A mãe continua a ser comissária, mas o pai tem agora pouco tempo livre devido à sua atividade profissional. Beatriz ‘manda’ na mãe e discute sempre com ela, no bom sentido, após cada prova, analisando ambas o que correu bem, menos bem e o que há a melhorar. O papel das mulheres no mundo do automobilismo e motociclismo, acrescenta ainda esta portimonense que nasceu em Alvor, é cada vez mais significativo nos postos de maior responsabilidade.
Uma licença de alta responsabilidade
Em Portugal apenas três pessoas têm licenças de diretores de provas de motos internacional e Beatriz possui uma delas, sendo mesmo a mais jovem a nível internacional. “É o segundo ano que tenho esta licença de motos. Temos formações anuais e, de dois em dois anos a licença tem de ser renovada, com um teste, que implica muito estudo, porque temos mesmo de passar” nesse exame, explica. Estas ações decorrem sempre no estrangeiro e ainda no passado mês de fevereiro esteve em França, num seminário da especialidade.

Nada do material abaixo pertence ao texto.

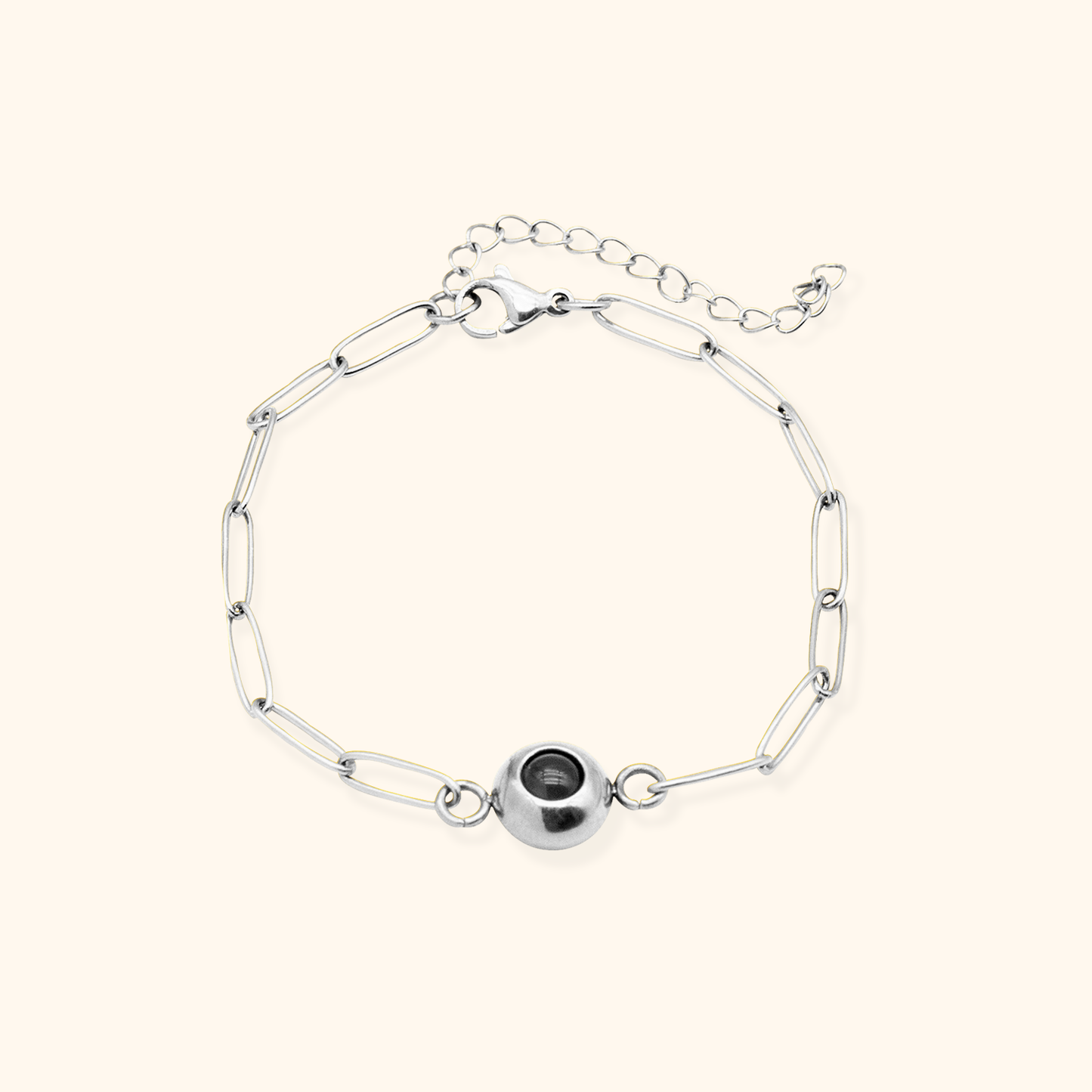 Elegant Link Chain Bracelet with Projection Pearl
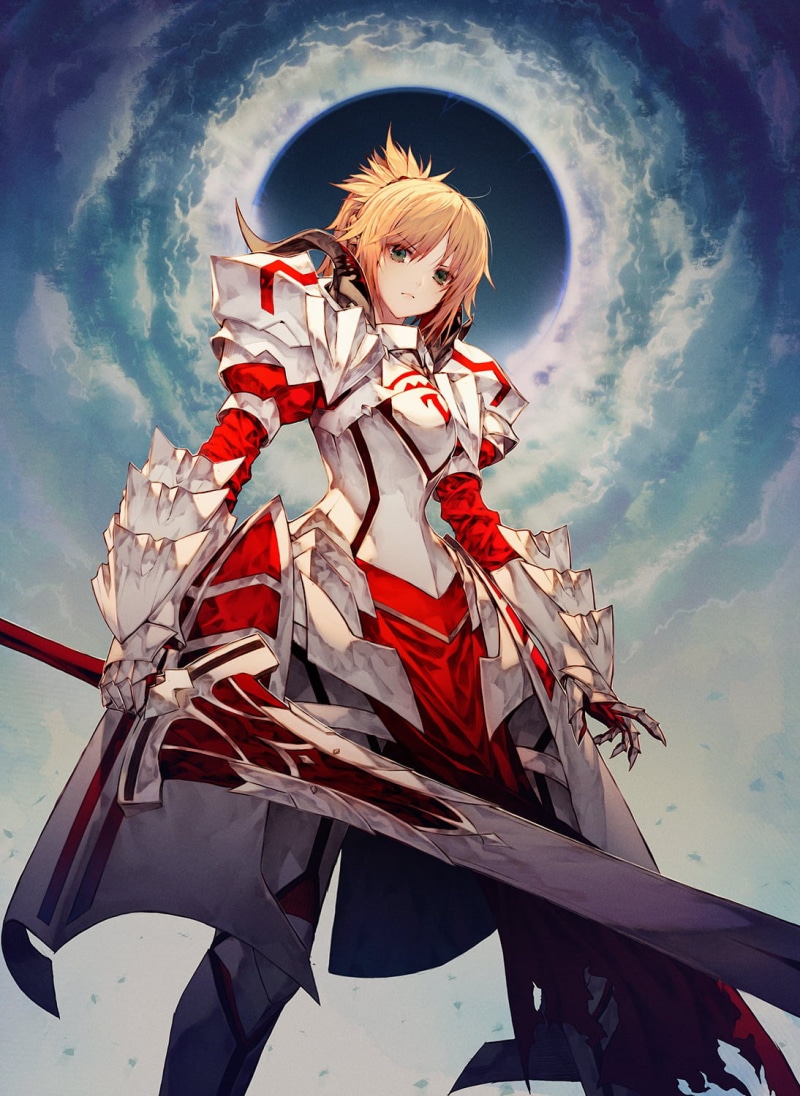 Fate Series, low angle view, outdoors, 720P, mode of transportation, Fate/Apocrypha , belief, cloud - sky,  Mordred (Fate/Apocrypha), anime girls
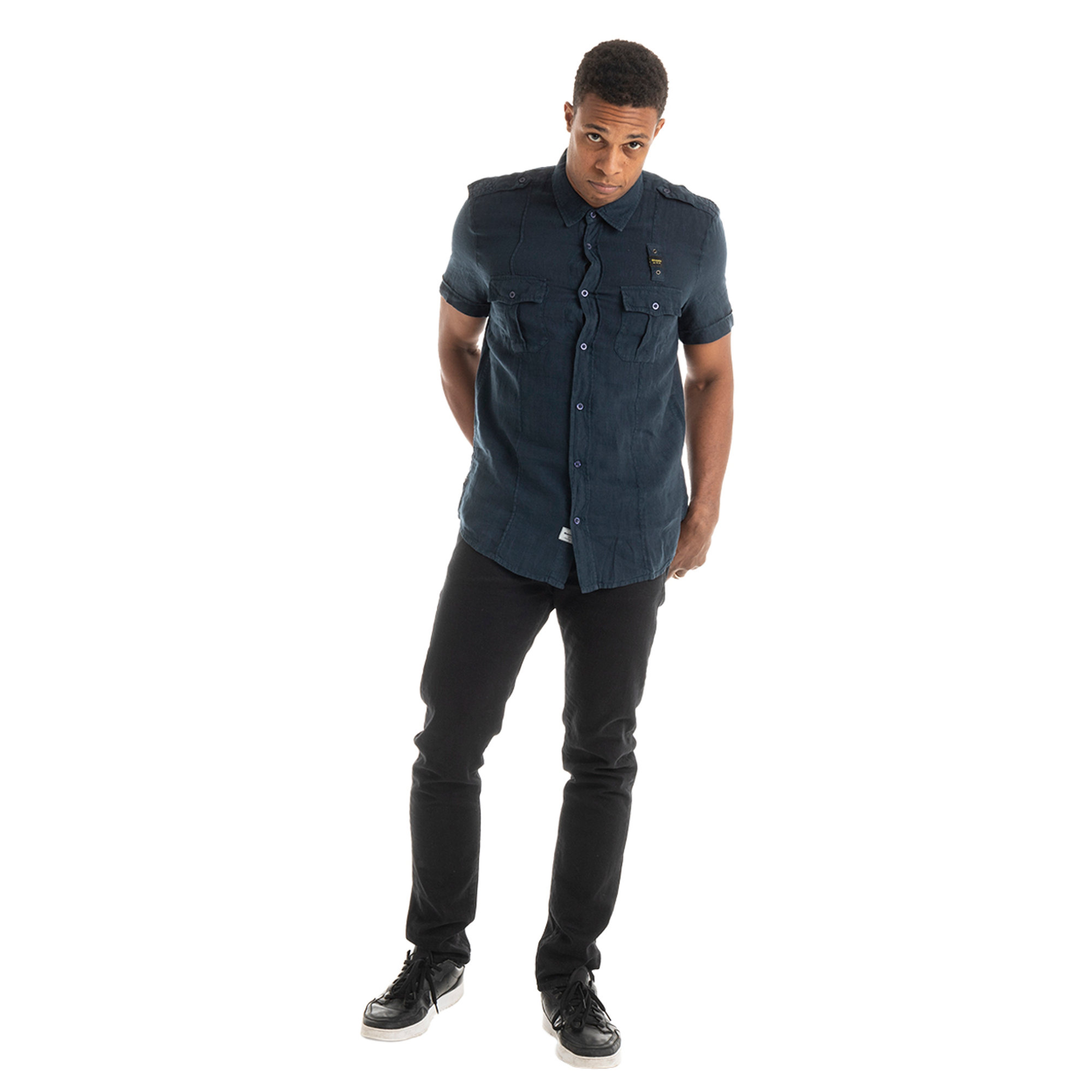 Camicia a maniche corte in lino blu navy Blauer vista1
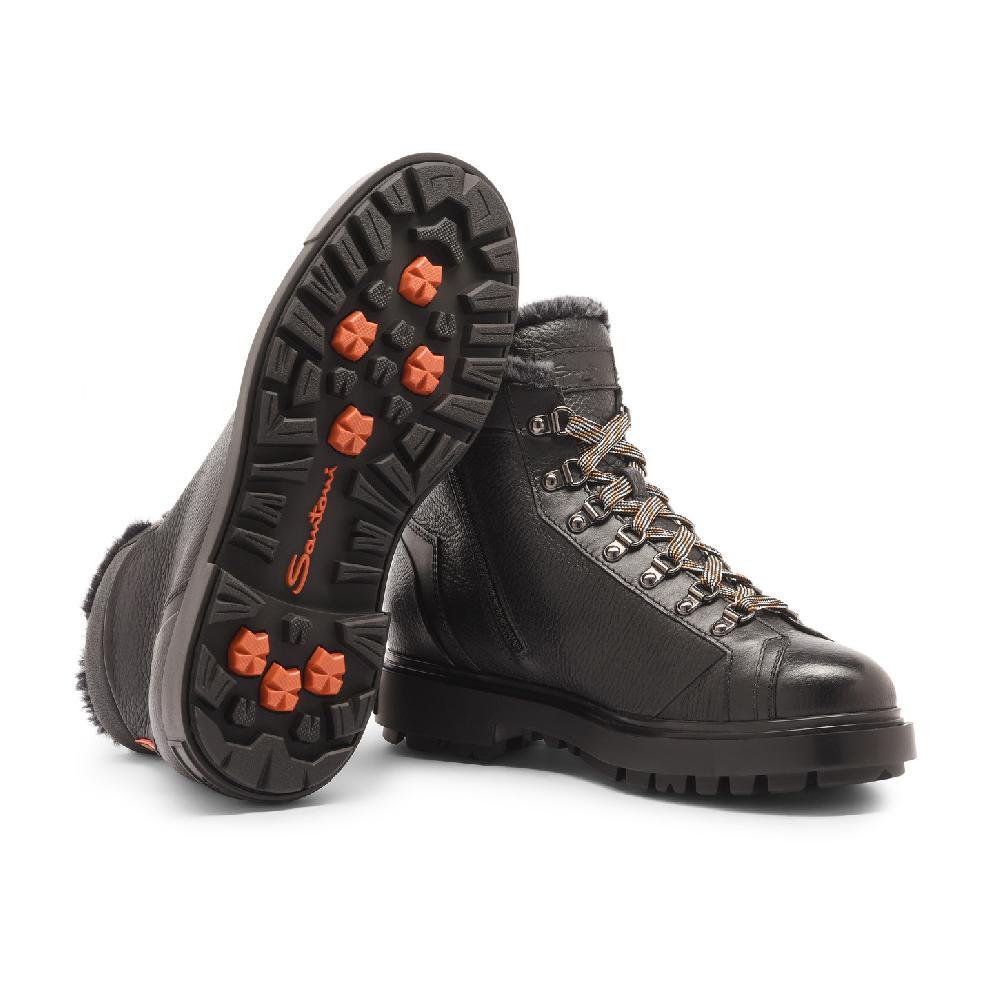 Santoni Scarponcino da montagna da uomo in pelle bottalata nera con pelliccia Nuovo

Subir na carreira sempre no horizonte
“Todos nós gostaríamos de subir na carreira e eu, sim, vejo-me a dar o salto”, confessa Beatriz, com um brilho nos olhos. Por exemplo, “gostava de ingressar na estrutura de um MotoGP ou Superbikes e até vai haver o Mundial feminino a acompanhar as Superbikes, quem sabe…”, deixa escapar, revelando ambição. Mas o Autódromo, vinca, “será sempre a minha casa e algo muito especial”. Continuar é, pois, o principal propósito, fruto de uma satisfação plena, mesmo com “alguns atalhos ou constrangimentos pelo meio”. E com o dado curioso de boa parte dos seus amigos não terem bem a noção “do que faço no Autódromo” e de até perguntarem o que lá vai fazer todos os fins de semana. “É diretora de prova, responde o meu marido”.